Germans appear on the whole more concerned about threats to their privacy than Americans. That’s understandable in a country where the Gestapo and the Stasi used to permeate all parts of public and private life. And the fact that Datenkraken tend to be American companies probably stokes more fear abroad than here at home. They may be data octopuses, but they’re our data octopuses.
That’s not to say that Americans aren’t concerned at all. According to a recent Pew survey, an overwhelming majority of Americans are concerned about privacy but feel they lack the tools to protect themselves.
Last week Google and Facebook announced new privacy settings. Facebook said users could set up encrypted emails and Google put its privacy controls for users in one place called “My Account” instead of with each individual Google product. It seemed as though the data giants might finally be ready to put our privacy worries to rest. Unfortunately, that’s not the case.
To Google’s credit, it put its privacy controls into a simple interface. Users won’t have to figure out how to find separate controls for Gmail, Maps, Youtube and Search. So in theory at least, the move should make it easier for users to turn on and off controls for ad settings.

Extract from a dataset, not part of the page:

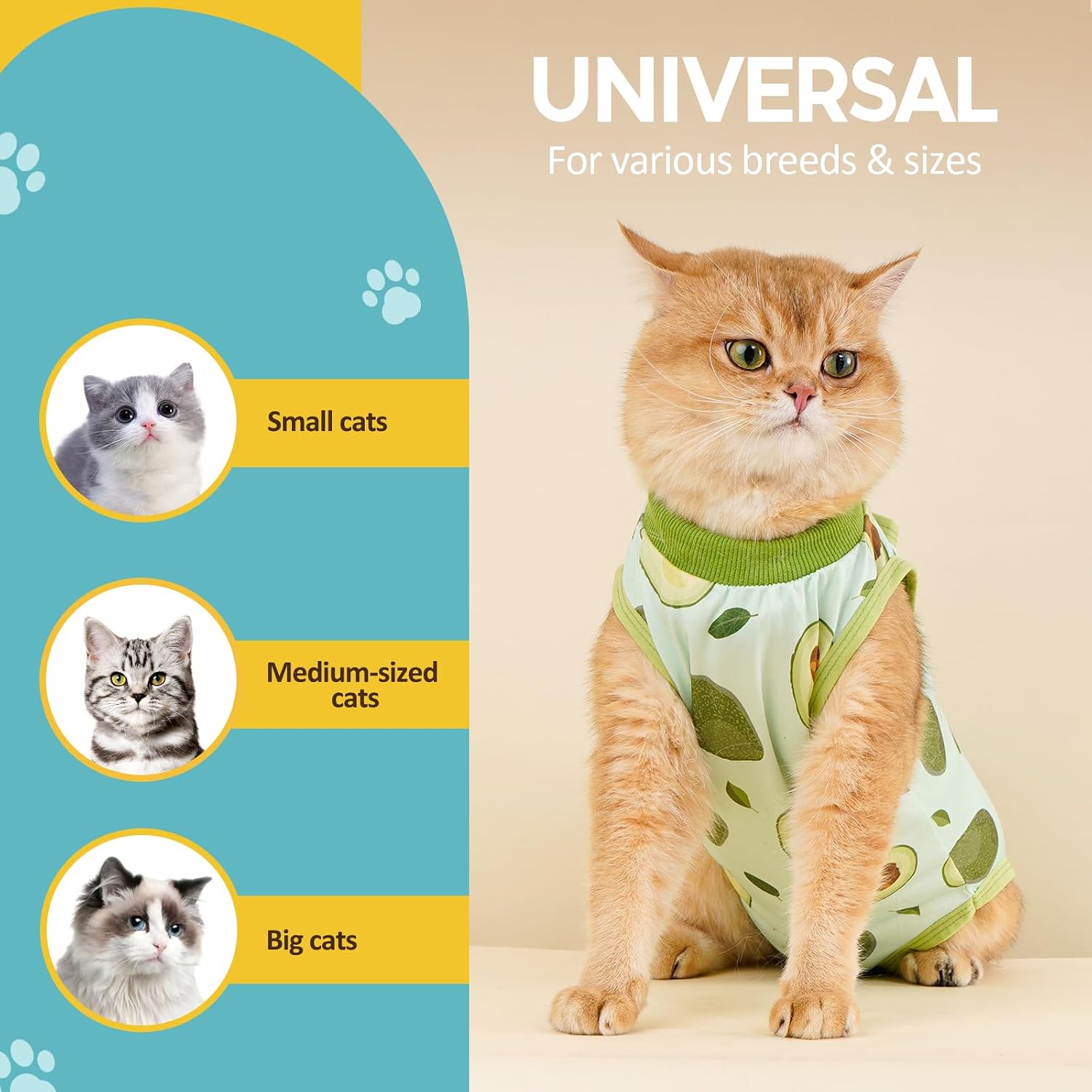 Detalle de Avont Katzenbody nach OP Erholungsanzug – Modal Recovery Suit für Katzen (S, Avocado)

Google does say one thing straight up: It won’t sell your data. That’s nice to know, but what about disclosing it, renting it, or using it on an advertiser’s or other paying customer’s behalf? All that is fair game, according to the current policy.
Google has created an enviable business. The company acts as middleman between what we say we want — our searches — and the answers and advertising we get in exchange. And it’s free. But somebody has to pay Google’s 50,000 employees and buy the expensive equipment required. That money comes mainly from advertisers. And guess where the advertisers get the money to pay Google? That would be you. Companies pay for online ads because they work, and they work because we give the companies our dollars.
Which is why we have a Datenkrake problem. If Google is getting paid to help sell us stuff, isn’t it unsettling that its tentacles extend into our personal searches, and our lives? Any economist will tell you that superior information is a big advantage in the marketplace. And it’s pretty obvious that the superior information is in Google’s hands, not yours.
You’ll never know exactly why they showed you one ad over another, or whether the price you’re offered is the same as what others see. Research shows that some companies already set prices based on personal data, rather than offering everyone the same deal.
So before Americans start building giant plastic cephalopods and parading against Google, wouldn’t it make sense for Google to head off our privacy concerns? As an undisputed leader among Internet companies, Google could seize the opportunity to be not just used, but trusted. All it takes is a single, clear commitment not to use our data against us. By invoking established principles of agency and loyalty, Google could assure users that their interest comes first, and advertisers won’t use all that data at the expense of consumers. Anything less just looks like whitewash.